Top of Available data
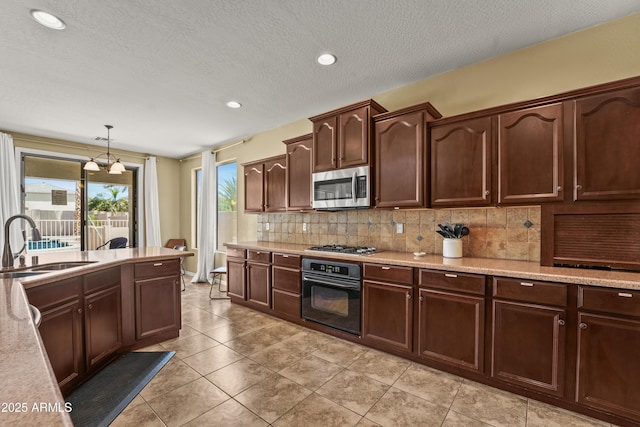 14430 W Windsor Ave, Goodyear, AZ 85395 - kitchen with appliances with stainless steel finishes, a sink, backsplash, light countertops, and decorative light fixtures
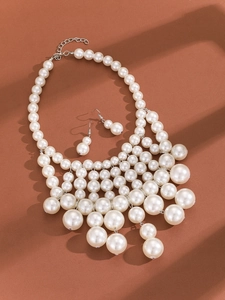 Detail of multi-layer pearl necklace and drop earrings set on brown background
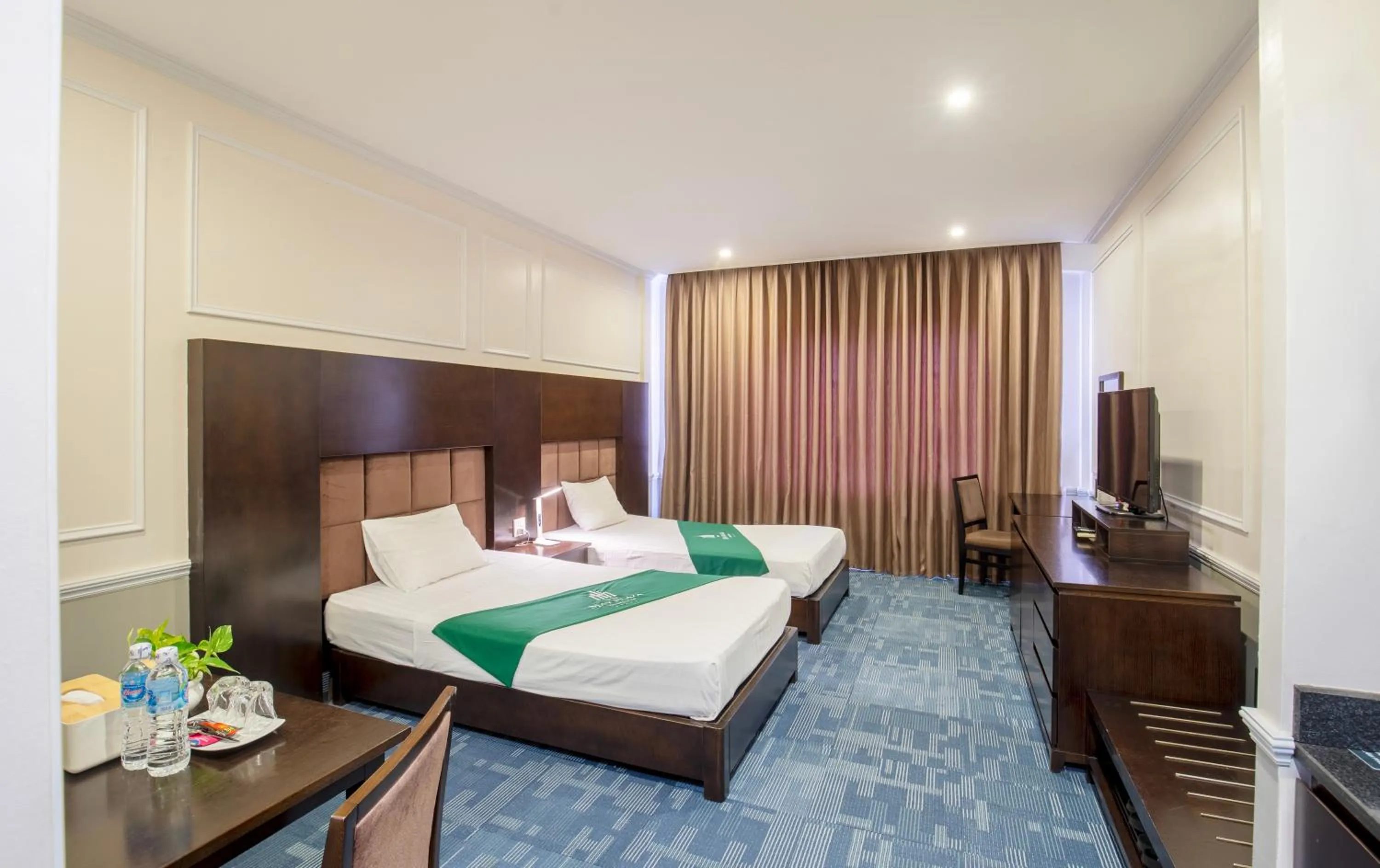 Bed in MAY PLAZA HOTEL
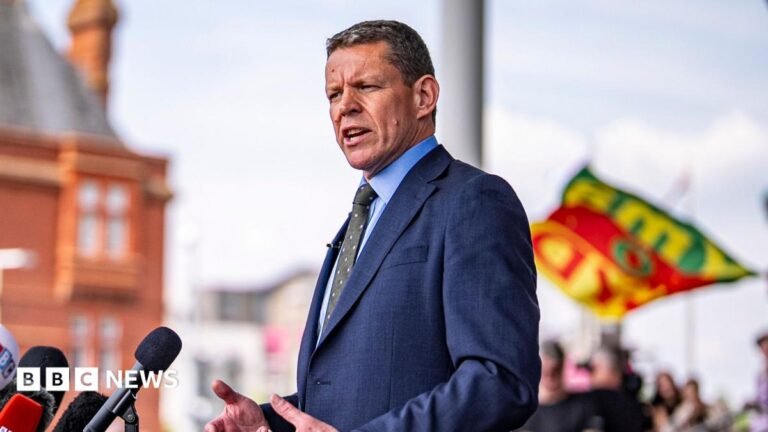 Rhun ap Iorwerth speaking into a set of microphones in front of the Pierhead building in Cardiff Bay, which is out of focus. A group of supporters can be seen behind him, also out of focus.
Bottom of Available data
> _Work item_
Write out an exact reproduction of the lines from the line that holds "Bed in MAY PLAZA HOTEL" to the bottom of the listing above, both ends included. Exclude pictures.

> _Response to the task_
 Bed in MAY PLAZA HOTEL
 Rhun ap Iorwerth speaking into a set of microphones in front of the Pierhead building in Cardiff Bay, which is out of focus. A group of supporters can be seen behind him, also out of focus.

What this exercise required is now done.